Shut the water off, either at a valve above the leak or the main line. Water will continue to run until the line is drained. Open the faucet at the sink to allow water to drain out of the faucet rather than through your wall.

Step 2

Remove the drywall around the damaged line with a drill or a drywall saw. If you use a drill, drill holes close together and punch out small sections of the wall until you have enough room to access the damaged line. Be careful not to hit the waterline again.

Step 3

Determine the size of the pipe. Typically on PEX and PVC pipes, the size is printed on the outside of the pipe. If it's not printed, or your waterlines are copper, wrap a string around the outside of the pipe to measure the circumference. The "official" size is really the inside diameter, so bring the string measurement with you to your local hardware or home improvement store.
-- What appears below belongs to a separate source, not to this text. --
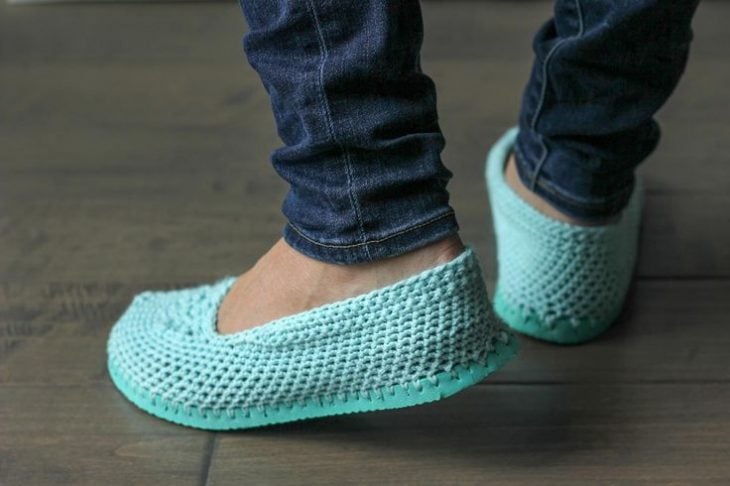 Zapatillas tejidas color verde azul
The salesperson will help you choose the proper coupling size from the length of the string.

Step 4

Purchase a straight push-fit coupling in the proper size. There are two types, a permanent one and a removable one. If you think there will be any chance that you'll need to take the coupling off in the future, choose the removable one. It comes with a small C-shaped device that allows you to take it off.

Step 5

Line up the PVC cutter just above the hole in the pipe, as level as possible, and cut the pipe as close to the hole as possible. Then cut the pipe just below the hole, removing the entire section of damaged pipe. Don't cut any more than you have to.

Step 6

Install the coupling according to the instructions on the package. Each end of the coupling has plastic inserts that fit into the ends of the pipe. Mark the line according to the instructions. Slide the first end of the coupling onto the pipe. Push the pipe firmly, with a slight twisting motion, until it reaches the tube stop. Then slide the other section of pipe into the other end of the coupling and push/twist until it hits the stop. You may have to slightly bend the pipe to get it into the coupling. Be sure both ends are secure.

Step 7

Wipe the pipe and coupling dry. Turn the water back on. Once the water pressure returns, you will know quickly if your repair job was a success. If you connected the coupling properly, the water will flow and everything in the wall will be dry.